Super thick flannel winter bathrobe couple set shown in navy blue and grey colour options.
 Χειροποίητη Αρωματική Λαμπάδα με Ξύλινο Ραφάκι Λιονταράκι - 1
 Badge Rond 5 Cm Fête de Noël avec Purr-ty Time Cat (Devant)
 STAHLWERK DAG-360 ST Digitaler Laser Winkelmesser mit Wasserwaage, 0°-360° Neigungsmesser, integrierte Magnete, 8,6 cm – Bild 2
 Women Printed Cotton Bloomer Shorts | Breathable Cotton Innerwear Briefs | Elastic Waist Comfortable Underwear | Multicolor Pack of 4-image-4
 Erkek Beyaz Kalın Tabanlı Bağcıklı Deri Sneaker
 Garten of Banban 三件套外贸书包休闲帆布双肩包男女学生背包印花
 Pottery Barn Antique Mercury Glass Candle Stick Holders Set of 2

* _Problem statement_
Starting at the top of the records, copy every line exactly.

* _Task output_
Super thick flannel winter bathrobe couple set shown in navy blue and grey colour options.
 Χειροποίητη Αρωματική Λαμπάδα με Ξύλινο Ραφάκι Λιονταράκι - 1
 Badge Rond 5 Cm Fête de Noël avec Purr-ty Time Cat (Devant)
 STAHLWERK DAG-360 ST Digitaler Laser Winkelmesser mit Wasserwaage, 0°-360° Neigungsmesser, integrierte Magnete, 8,6 cm – Bild 2
 Women Printed Cotton Bloomer Shorts | Breathable Cotton Innerwear Briefs | Elastic Waist Comfortable Underwear | Multicolor Pack of 4-image-4
 Erkek Beyaz Kalın Tabanlı Bağcıklı Deri Sneaker
 Garten of Banban 三件套外贸书包休闲帆布双肩包男女学生背包印花
 Pottery Barn Antique Mercury Glass Candle Stick Holders Set of 2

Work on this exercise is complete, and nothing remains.